* Working data *
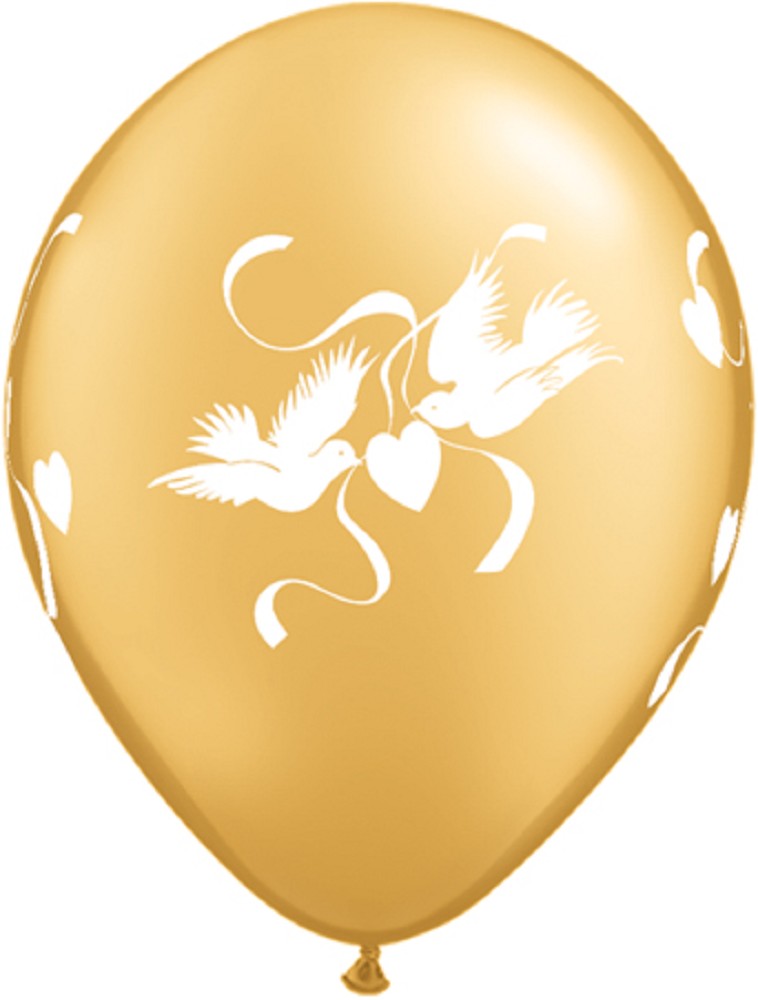 5" Love doves gold (Druck weiß)
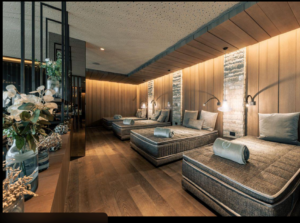 Modern wellness space with comfortable recovery loungers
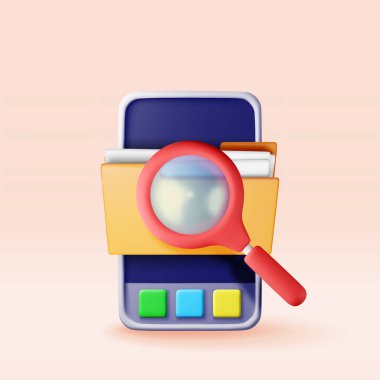 Veritabanında 3 boyutlu akıllı telefon ve arama bilgileri var. Arama belgesi dosyalarını oluştur. Dosya sistemi yönetimi. Keşif, analiz, araştırma, soruşturma, araştırma seosu ve yönetim. Vektör illüstrasyonu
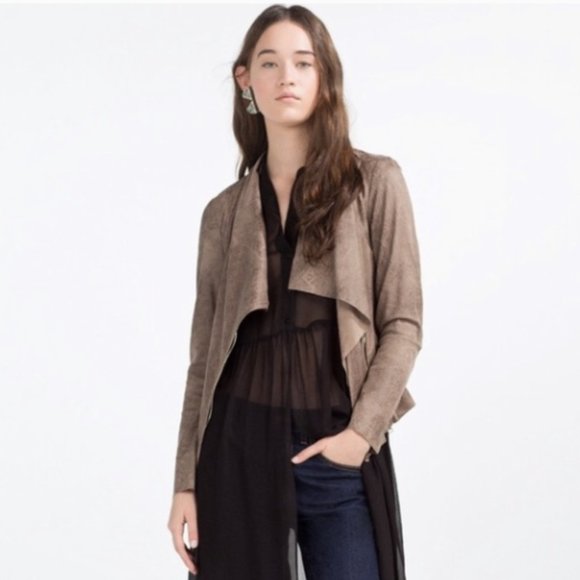 Zara Jackets & Blazers - Zara Faux Vegan Suede Moto Jacket (172)🦋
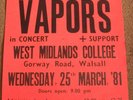 THE VAPORS CONCERT POSTER WED 25th MARCH 1981 WEST MIDS COLLEGE WALSALL UK 1981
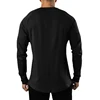Plain Mens Casual Hip Hop Tops Slim Fit Long Sleeve V-neck T-Shirt Gym Bodybuilding Sport Cotton Shirts Fitness Muscle Clothing 3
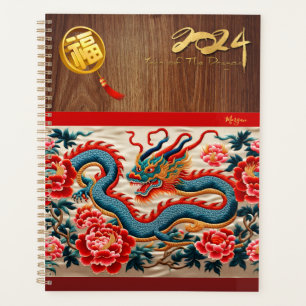 Chinesischer Neujahrdrache 2024 "Stickerei" Monogr Planer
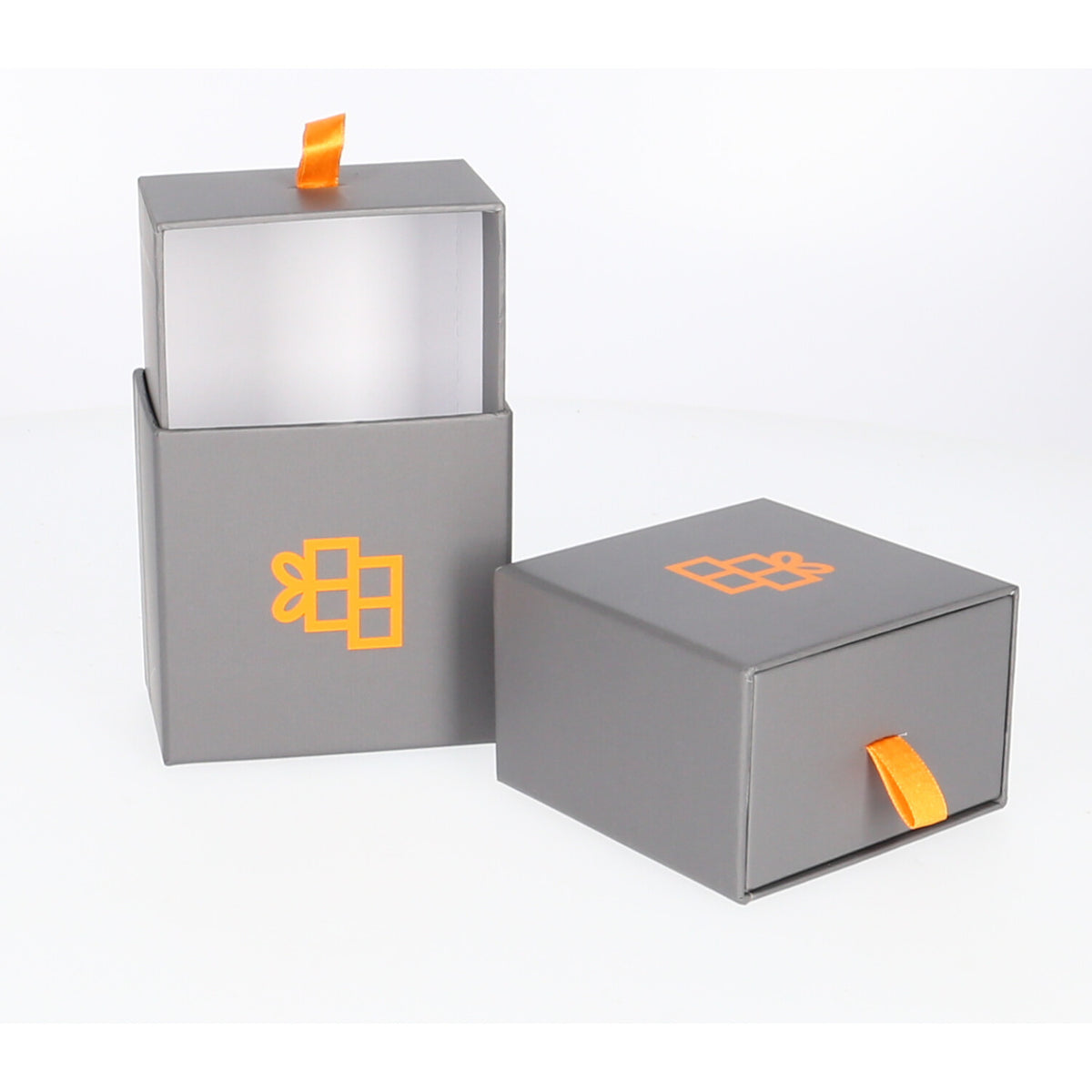 Luxuriöse Schiebeschachtel 6 Stück – Grau mit orangefarbenem Akzentband (8,5 x 8,5 x 5,5 cm) - FOTOFOL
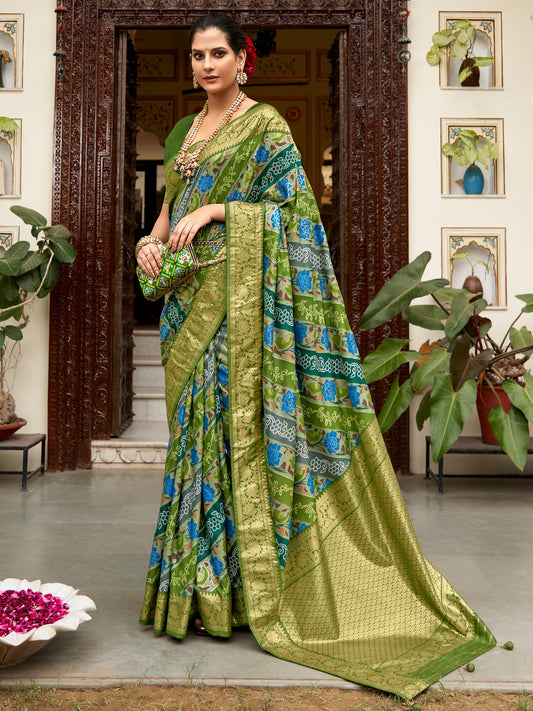 Women's Tussar Silk Light Green Printed Designer Saree With Blouse Piece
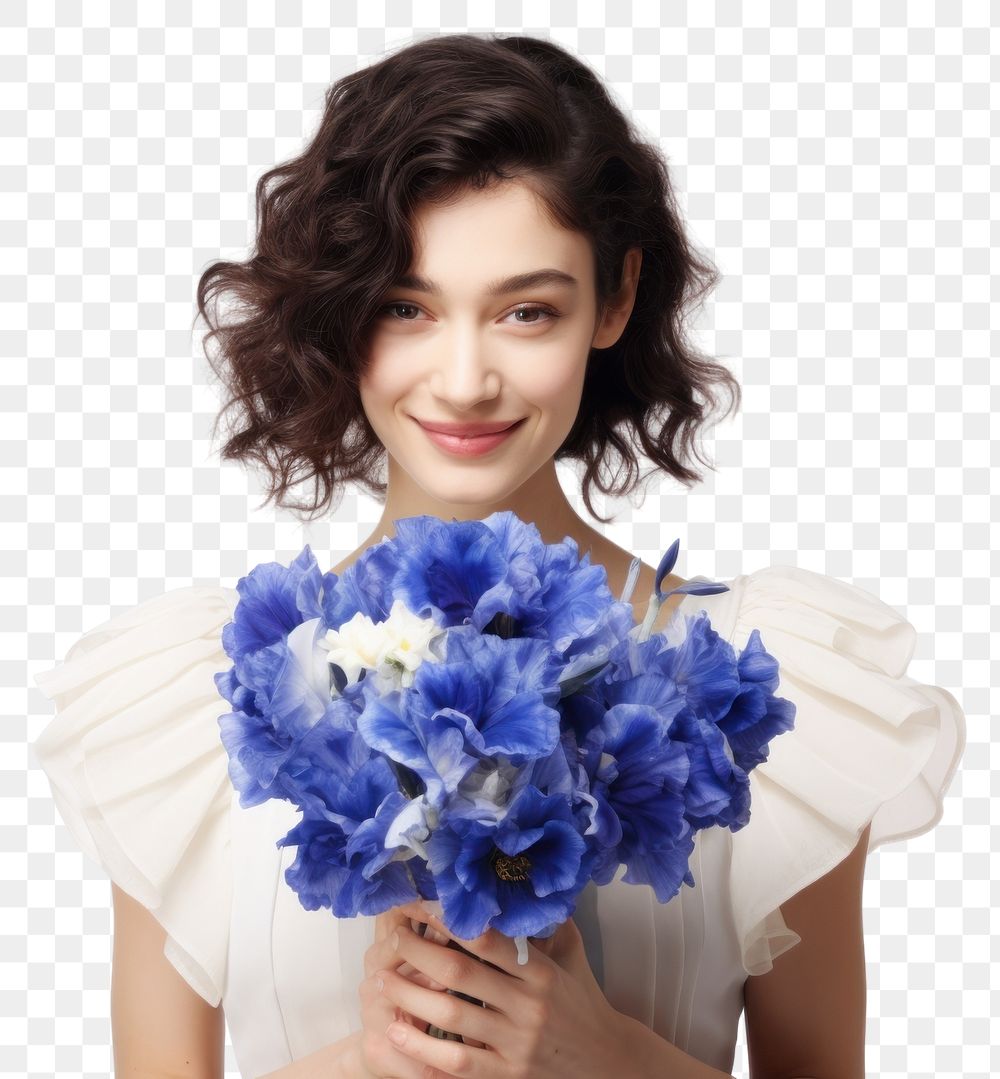 PNG Happy bride holding a blue iris flower bouquet portrait smile white.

* Task *
Set out, exactly as given, the line that contains "THE VAPORS CONCERT" along with each line after it through the end of the records above; omit the pictures.

* Reply to the task *
 THE VAPORS CONCERT POSTER WED 25th MARCH 1981 WEST MIDS COLLEGE WALSALL UK 1981
Plain Mens Casual Hip Hop Tops Slim Fit Long Sleeve V-neck T-Shirt Gym Bodybuilding Sport Cotton Shirts Fitness Muscle Clothing 3
 Chinesischer Neujahrdrache 2024 "Stickerei" Monogr Planer
 Luxuriöse Schiebeschachtel 6 Stück – Grau mit orangefarbenem Akzentband (8,5 x 8,5 x 5,5 cm) - FOTOFOL
 Women's Tussar Silk Light Green Printed Designer Saree With Blouse Piece
 PNG Happy bride holding a blue iris flower bouquet portrait smile white.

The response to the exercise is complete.